# Kritter keeper for mantids



## KevinsWither (Dec 11, 2016)

Is it possible to use kritter keepers for mantids? I have a few medium ones and a few small ones.


----------



## hibiscusmile (Dec 12, 2016)

Sure, u may need some screen glued inside depending on size of mantis, but no reason why u cant use them


----------



## mantisfan101 (Aug 11, 2017)

Personally I have zero success using critter keepers- it caused a chinese mantis male to become SEVERELY deformed during a molt(he didnt even successfully molt actually and got stuck because he tried molting on the floor because he couldnt climb) and disabled my ghost mantis female's ability to climb.


----------



## Digger (Aug 12, 2017)

Over the years, I've had very good luck with Krit Keepers.  However - as mantisfan101 mentioned above, it's imperative you put your mantis in larger cages as they molt.  It currently am raising Tenodera Sinensis.  As they outgrow each container, they are moved to a larger container (about 3x molted length high).  This can be an expensive proposition for some.  I have large and the very large sizes for L5 through adult molt.  Yes, one or two sides should be modified with screen/mesh for climbing to hang upside down off the top.
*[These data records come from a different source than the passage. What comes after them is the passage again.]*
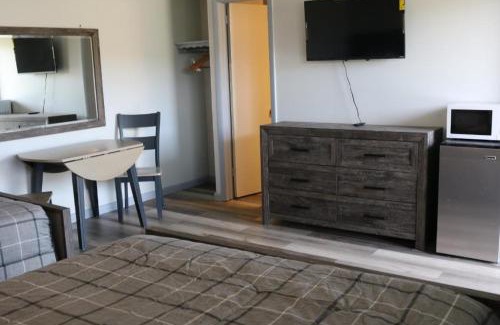 Dalton Hotel | Comfortable Stay at Motel 81: Pet & Child Friendly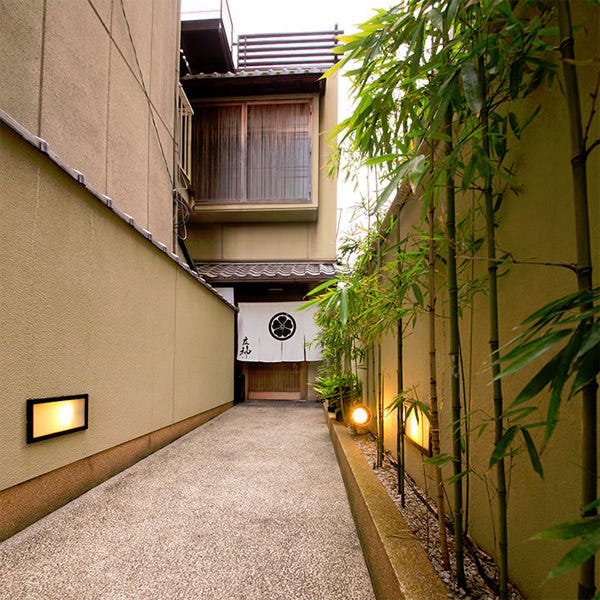二条城すぐのアクセス！
京都観光の食事に便利な立地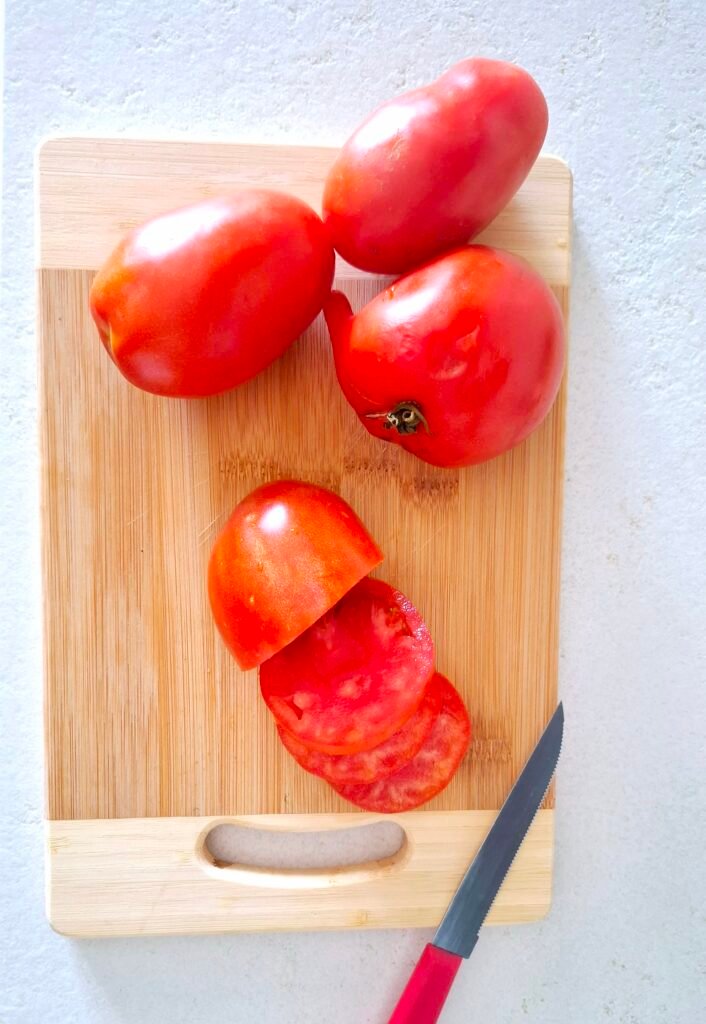 Pomodori a fette con sale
Here is a current picture of Photon in her Kritter Keeper.  She molted very successfully hanging from the top.  The sticks were removed prior to her molt.


----------



## hymenopus (Aug 13, 2017)

Nice mantis


----------



## Serle (Aug 13, 2017)

I have had mismoults when they shed from the side of the K.K. especially  Tenoderas .  If they hang from the top seem they have ample room..  S


----------



## izbiggs (Aug 17, 2017)

I think it can work, especially for smaller species and at least one gripping surface other than just the lid of the cage. I've had budwings and even s lineola successfully molt to adult in them.


----------